Using All the Pathways to PAH Care
Though the prostacyclin-targeting therapy selexipag is beneficial for PAH patients, investigators advise treatment to a trio of pathways.
The benefits for selexipag (UPTRAVI) in patients with pulmonary arterial hypertension—in which the therapy targets care through the prostacyclin pathway—are highlighted by a series of pivotal findings from the GRIPHON trial.
Though selexipag drives very positive outcomes in at-need PAH patients, it may best serve as complementary therapy. In an interview with MD Magazine® while at the American Thoracic Society (ATS) 2019 International Meeting in Dallas, TX, Rich Channick, MD, director of the Acute and Thromboembolic Disease Program at the UCLA Medical Center, and Prof. Sean Gaine, Director of the National Pulmonary Hypertension Unit in Ireland, defined the various pathways targeted by PAH therapies, and how multiple therapies in a patients’ regimen attack them all.
MD Mag: What is the optimized care pathway for pulmonary arterial hypertension?
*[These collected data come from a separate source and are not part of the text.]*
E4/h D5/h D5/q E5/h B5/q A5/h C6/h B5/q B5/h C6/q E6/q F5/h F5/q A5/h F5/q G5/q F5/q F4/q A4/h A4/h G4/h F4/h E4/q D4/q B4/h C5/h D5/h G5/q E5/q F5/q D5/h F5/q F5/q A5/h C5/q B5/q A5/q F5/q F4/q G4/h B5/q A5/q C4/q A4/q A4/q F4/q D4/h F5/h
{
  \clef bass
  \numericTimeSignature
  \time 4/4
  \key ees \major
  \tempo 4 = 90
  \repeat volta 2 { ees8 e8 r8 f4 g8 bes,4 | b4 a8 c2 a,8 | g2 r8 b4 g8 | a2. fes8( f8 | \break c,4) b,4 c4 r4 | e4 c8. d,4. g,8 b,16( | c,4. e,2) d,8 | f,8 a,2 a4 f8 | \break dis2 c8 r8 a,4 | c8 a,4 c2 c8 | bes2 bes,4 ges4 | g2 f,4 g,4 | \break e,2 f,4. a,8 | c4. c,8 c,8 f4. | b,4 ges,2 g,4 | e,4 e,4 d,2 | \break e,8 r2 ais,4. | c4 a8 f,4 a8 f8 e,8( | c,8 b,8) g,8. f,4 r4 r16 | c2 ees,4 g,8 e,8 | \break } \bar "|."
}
Gaine: Well, what we've learned recently we have 3 pathways we treat in pulmonary hypertension. We have PD5 inhibitors, like sildenafil or tadalafil, endothelin receptor agonists, and prostacyclin drugs. And what we've learned is it's not just about treating 1 pathway at a time and working through it. It's actually about getting the patient early, usually start double up-front oral combination therapy now, like a PD5 inhibitor and an endothelin receptor agonist.
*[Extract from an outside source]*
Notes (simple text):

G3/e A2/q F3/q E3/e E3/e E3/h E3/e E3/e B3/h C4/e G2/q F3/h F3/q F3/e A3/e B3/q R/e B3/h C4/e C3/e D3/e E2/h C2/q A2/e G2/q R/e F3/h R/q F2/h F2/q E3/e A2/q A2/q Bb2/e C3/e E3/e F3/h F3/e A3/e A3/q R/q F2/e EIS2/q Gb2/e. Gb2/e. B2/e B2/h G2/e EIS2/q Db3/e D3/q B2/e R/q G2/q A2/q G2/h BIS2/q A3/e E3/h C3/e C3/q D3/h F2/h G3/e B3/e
But what this data is showing us is if patients are not doing well, you should consider triple therapy for those patients. So we're getting more aggressive, I suppose, in the way we approach this. We still only have 3 pathways, and we've had 3 pathways for 20 years. But we're getting better at using these pathways, and understanding how to attack these pathways.
Channick: I think that's exactly right. I think that, getting back to what the GRIPHON trial showed in the original study, about 80% of the patients we studied were already on therapy—some other therapy. In fact, about one-third of patients were on 2 drugs. So for those patients, selexipag was their third drug. Even when we analyzed that, whether they had the background therapy or not, they still had the benefit for the primary endpoint.
I think that raises the point: in the case of pulmonary hypertension, we would believe more drugs are better—but in this study with an additional drug, you still see a treatment effect. As Sean outlined, in this specific subgroup that we looked at treating earlier, that seemed to be associated with good effect.